Évaluation du Programme des travailleurs qualifiés (fédéral)
1. Introduction
1.1. Objet
Le Canada a adopté une politique exhaustive en matière d’immigration qui prévoit la sélection des immigrants au titre de plusieurs catégories : regroupement familial, immigration économique (comprend les travailleurs qualifiés, les candidats des provinces, les travailleurs indépendants, les entrepreneurs, les investisseurs et les aides familiaux résidants) et réfugiés. Depuis le 28 juin 2002, le programme d’immigration du Canada est régi par la Loi sur l’immigration et la protection des réfugiés (LIPR) et son règlement d’application. Le Programme des travailleurs qualifiés (fédéral) [PTQF]4 vise à sélectionner des résidents permanents en fonction de leur capacité à s’établir économiquement au Canada.

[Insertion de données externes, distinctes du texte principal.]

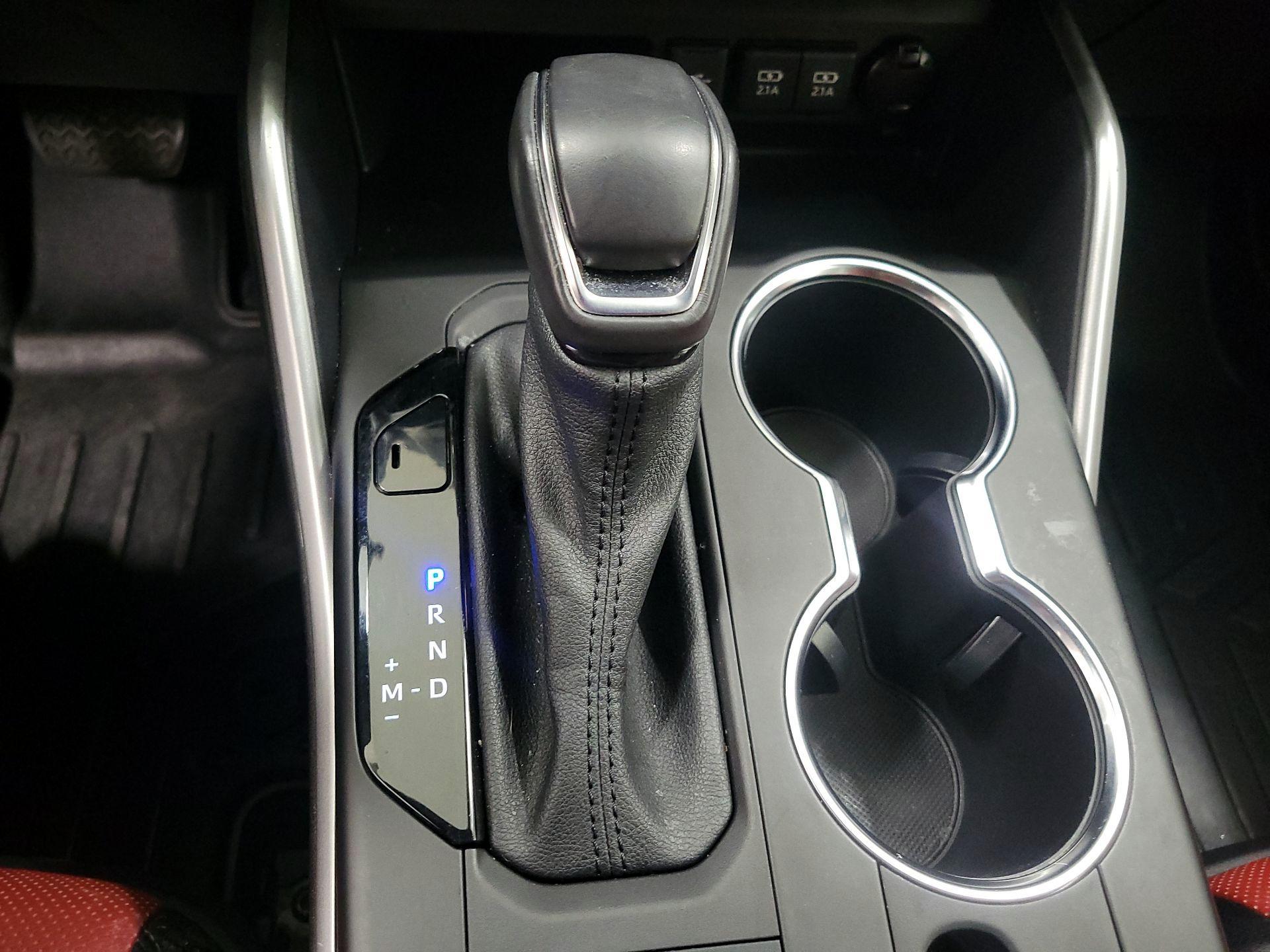 Thumbnail: 2021 Toyota Highlander - 18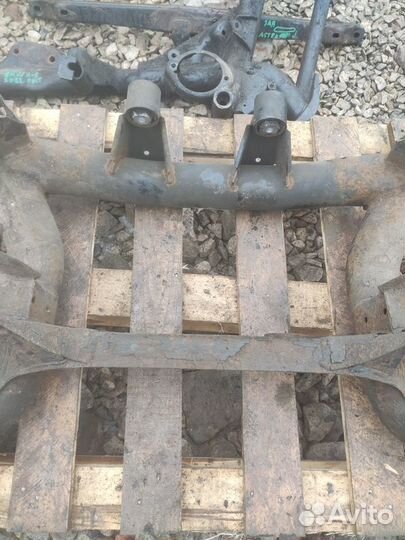 Подрамник задний Bmw X5 e53 рестайлинг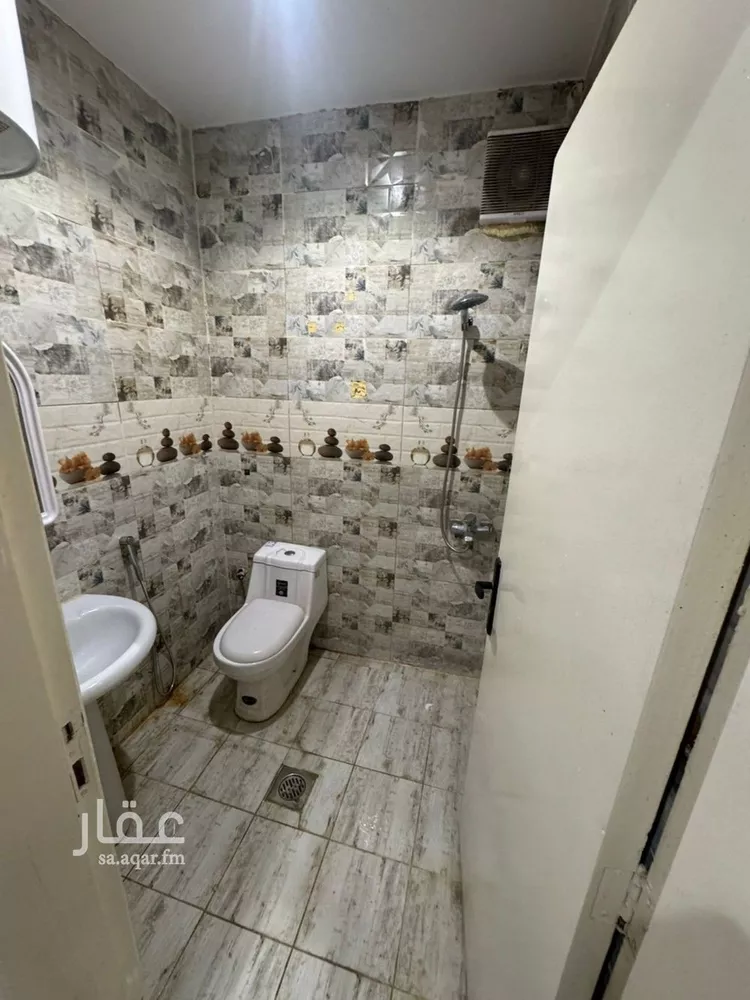 شقة للإيجار في شارع القطيم, حي إشبيلية, مدينة الرياض, منطقة الرياض صورة 3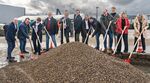 Luc Feller, président du SICA, Youri De Smet et Guy Kohnen, vice-présidents du SICA, Sonia Fischer-Fantini, bourgmestre de Garnich, Monique Smit-Thijs, bourgmestre de Bertrange, et Sammy Wagner, bourgmestre de Steinfort, ainsi que les membres du comité de direction du SICA et les échevins des communes membres, ont officiellement lancé la construction du nouveau Centre de ressources.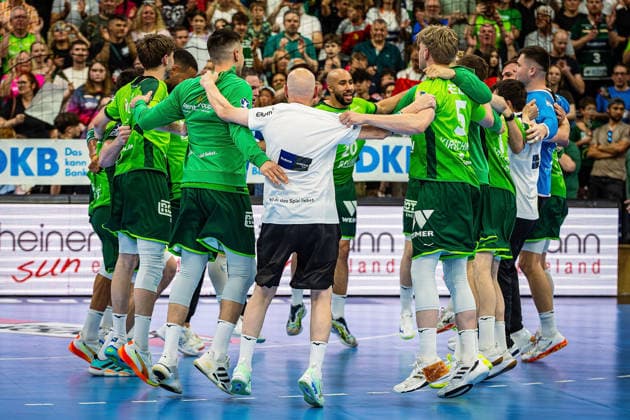 23 05 2026, xovx, Handball Daikin Handball Bundesliga, HSG Wetzlar HC Erlangen The players of HSG Wetzlar celebrate the 29 26 home victory over HC Erlangen Wetzlar Buderus Arena Hessen Germany EN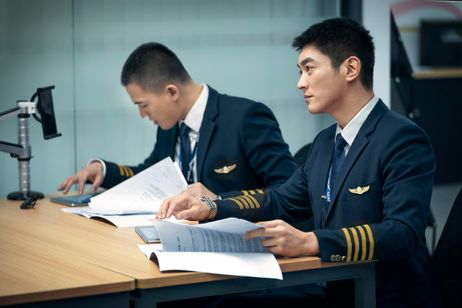 フライト・キャプテン 高度1万メートル、奇跡の実話 画像7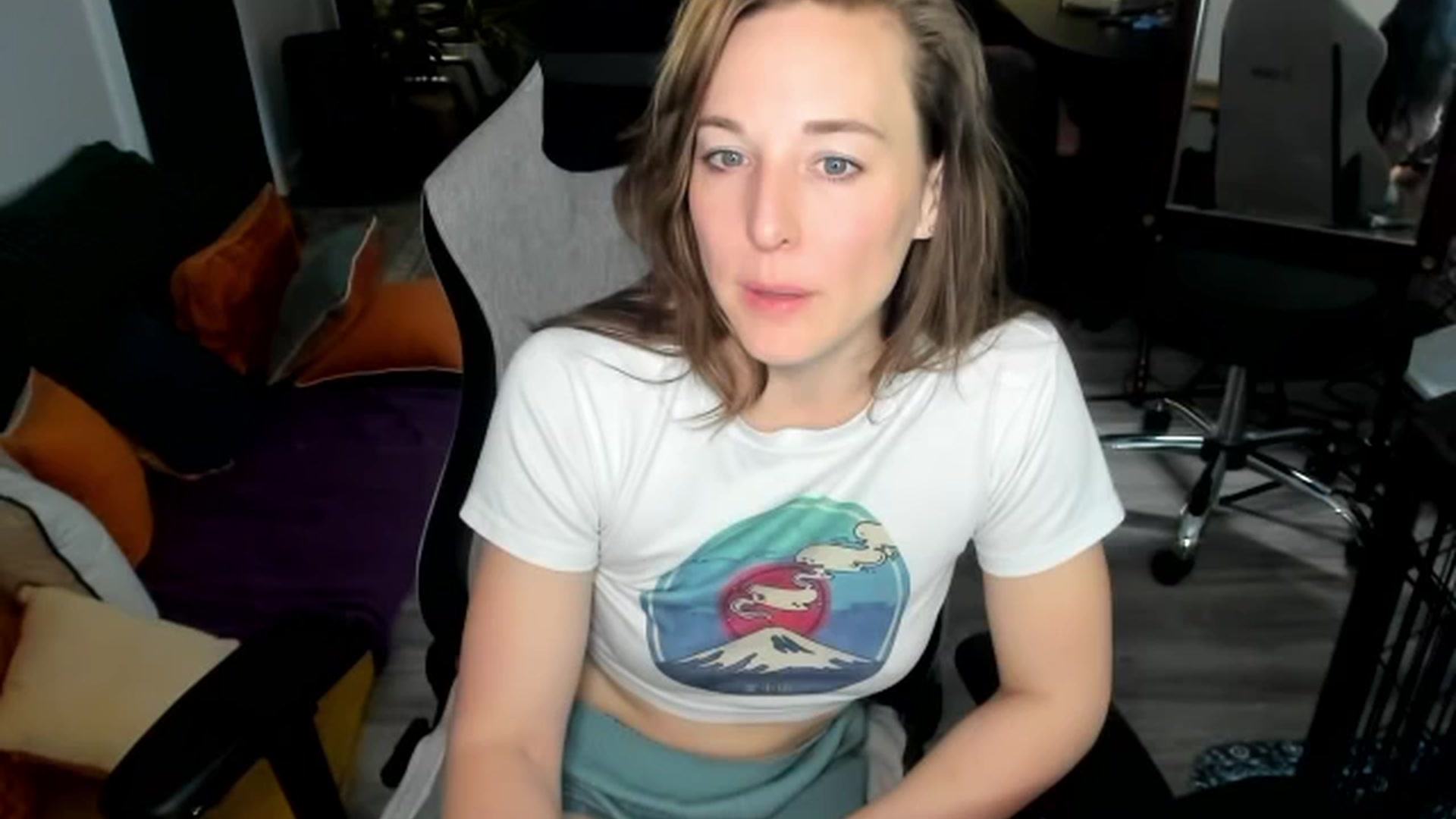 Gallery image thumbnail from She_is_Sam's myfreecams stream on, 02/26/2026, 05:15 image 7 of 20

Sont présentés ici les résultats et les conclusions de l’évaluation du PTQF pour la période de 2002 à 2008, soit la période comprise entre l’entrée en vigueur de la LIPR et la mise en œuvre des instructions ministérielles (projet de loi C-50).
L’exercice visait à évaluer la conception, la mise en œuvre et les résultats du nouveau PTQF, mis en œuvre le 28 juin 2002. L’évaluation visait plus précisément5 à vérifier :
- la conception et la mise en œuvre du Programme, y compris l’efficacité, l’uniformité et la transparence du processus de sélection;
- les retombées du Programme à ce jour par rapport aux niveaux de résultats immédiats et intermédiaires, y compris l’établissement économique des travailleurs qualifiés.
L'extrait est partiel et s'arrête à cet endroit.